TASK STATEMENT
Copy the records below exactly, starting at the line that contains "2007 Freightliner M2" and ending at the line that contains "Receita paga lote"; leave out any pictures.

SUPPLIED RECORDS
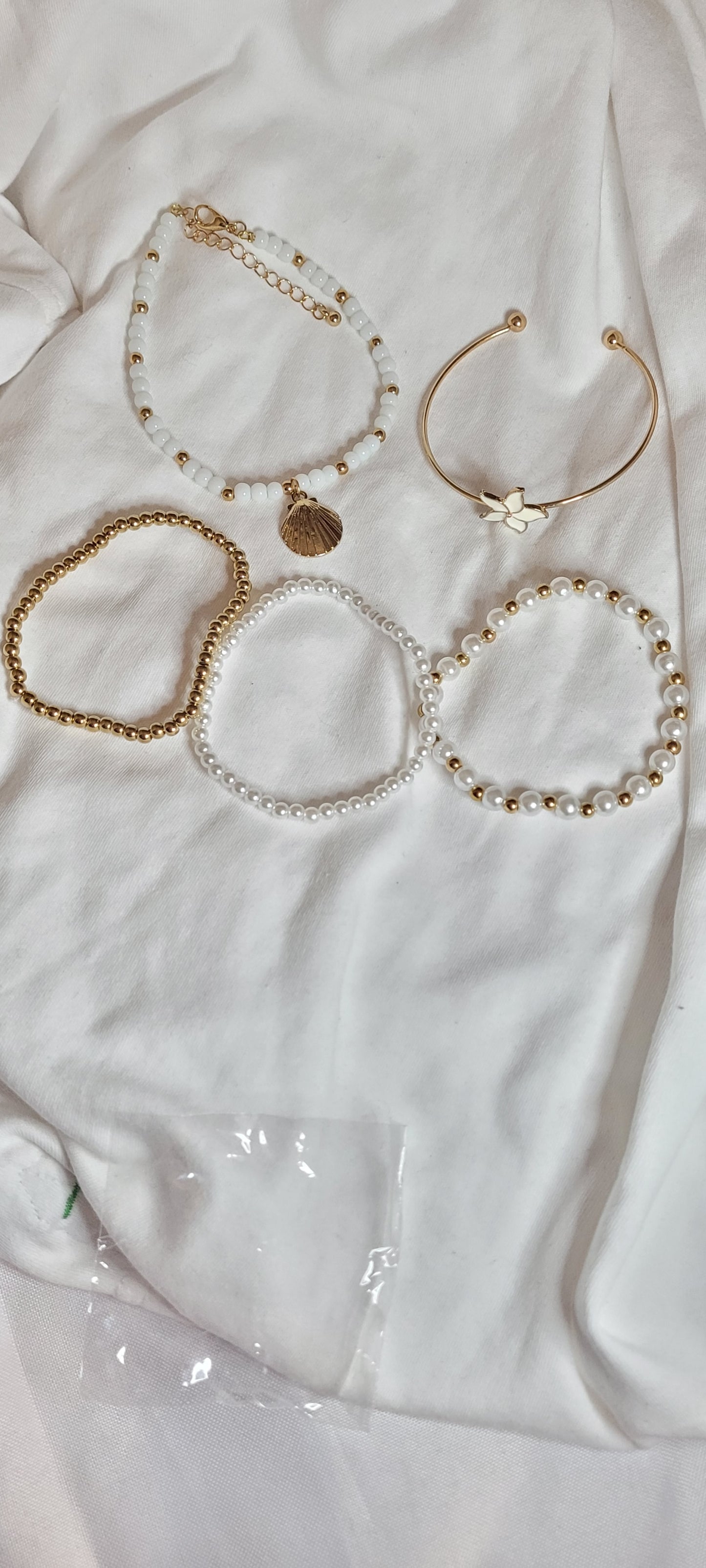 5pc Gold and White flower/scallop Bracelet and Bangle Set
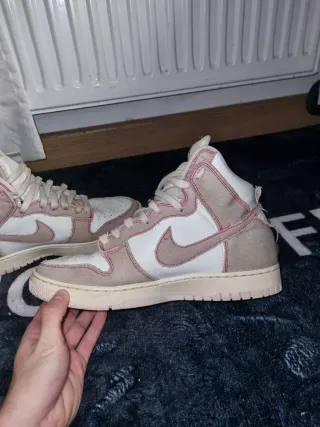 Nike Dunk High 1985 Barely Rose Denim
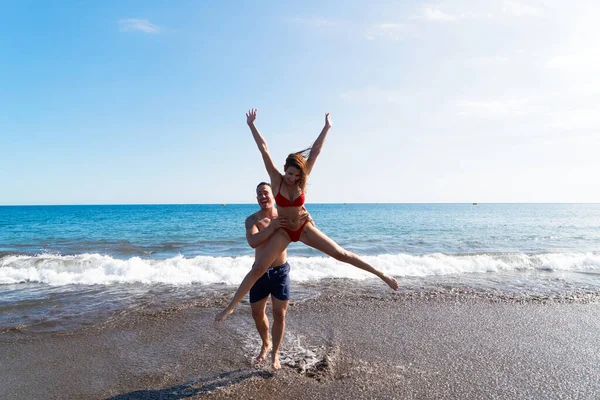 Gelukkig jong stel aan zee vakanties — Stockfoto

...

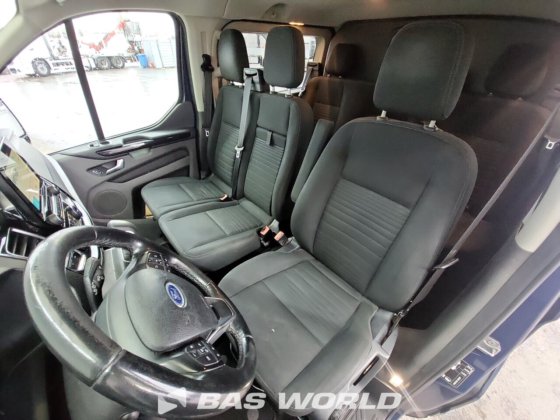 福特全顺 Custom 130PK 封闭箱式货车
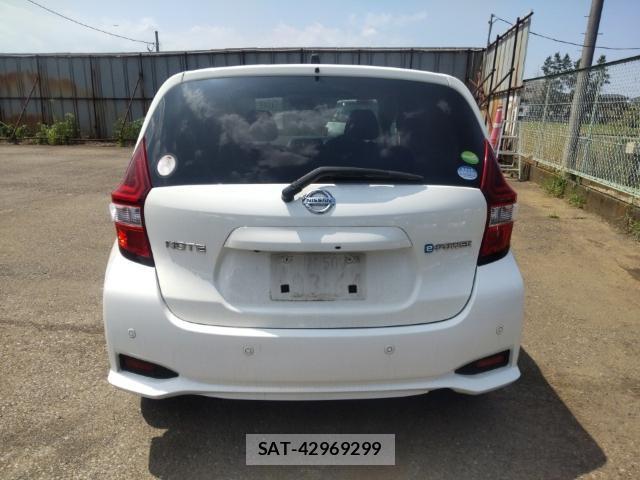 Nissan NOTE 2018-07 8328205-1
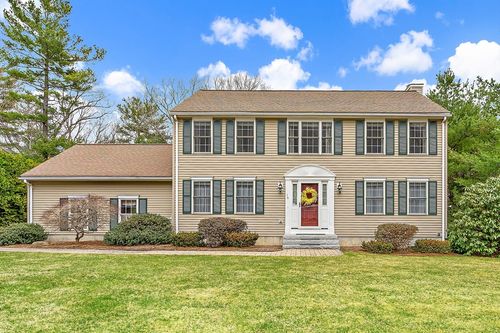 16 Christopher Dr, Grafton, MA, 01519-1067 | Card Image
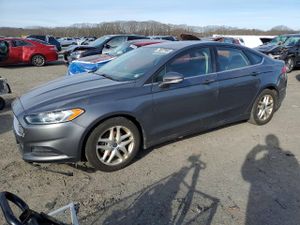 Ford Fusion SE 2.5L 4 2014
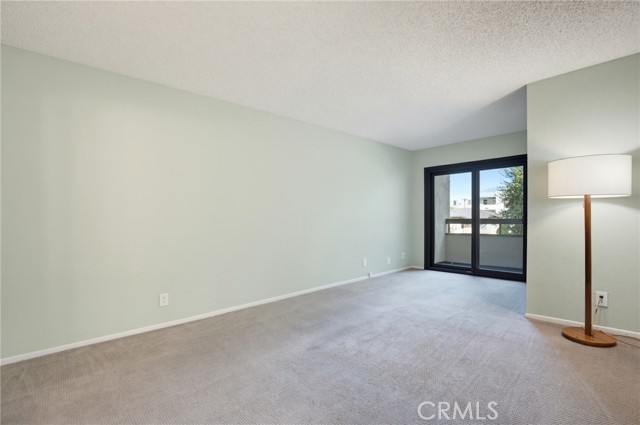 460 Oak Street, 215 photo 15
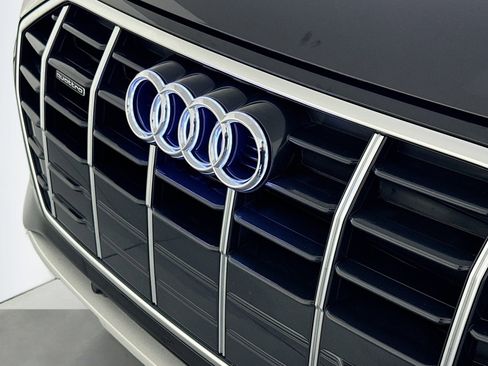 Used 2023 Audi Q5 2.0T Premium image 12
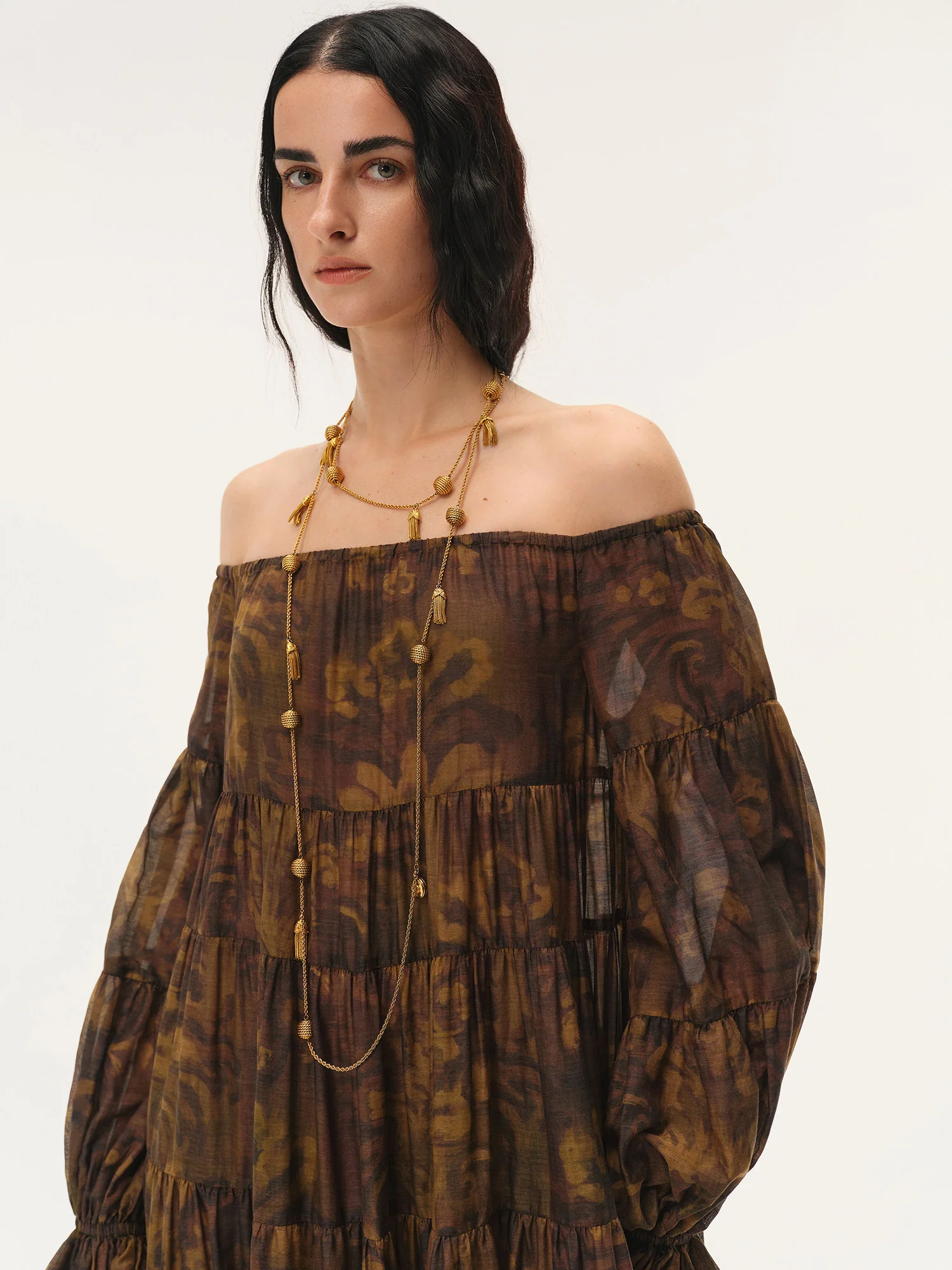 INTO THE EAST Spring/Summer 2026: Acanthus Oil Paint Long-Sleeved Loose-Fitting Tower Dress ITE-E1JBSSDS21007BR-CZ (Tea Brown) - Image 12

...

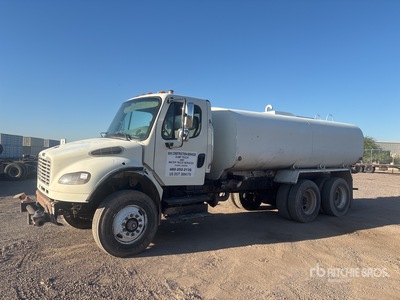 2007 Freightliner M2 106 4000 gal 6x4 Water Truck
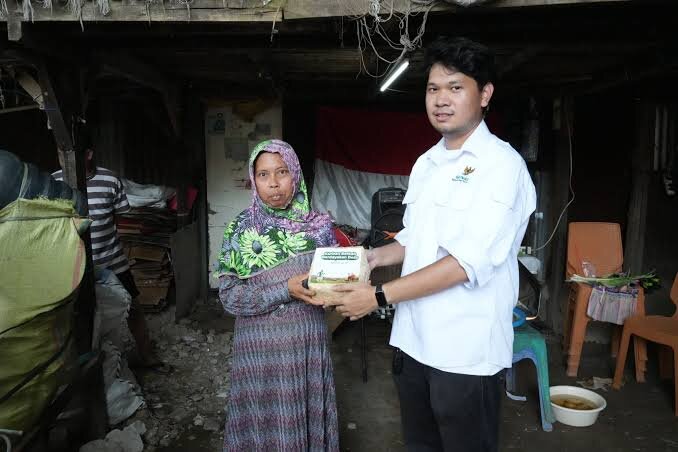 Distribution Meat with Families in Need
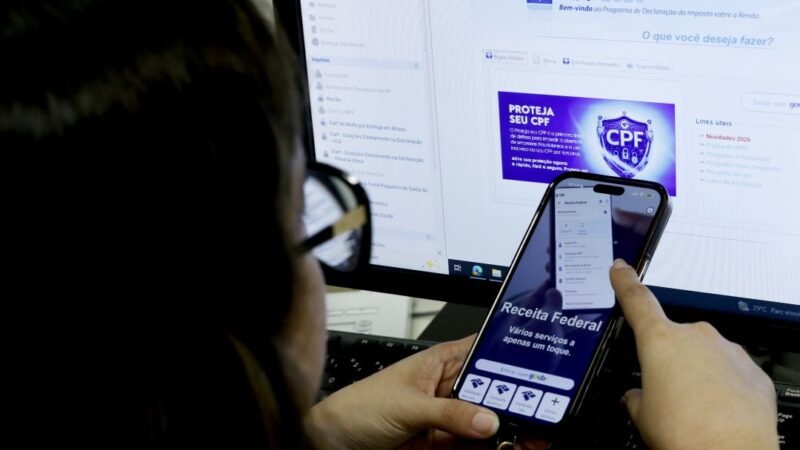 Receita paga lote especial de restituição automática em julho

SOLUTION TO THIS TASK
 2007 Freightliner M2 106 4000 gal 6x4 Water Truck
 Distribution Meat with Families in Need
 Receita paga lote especial de restituição automática em julho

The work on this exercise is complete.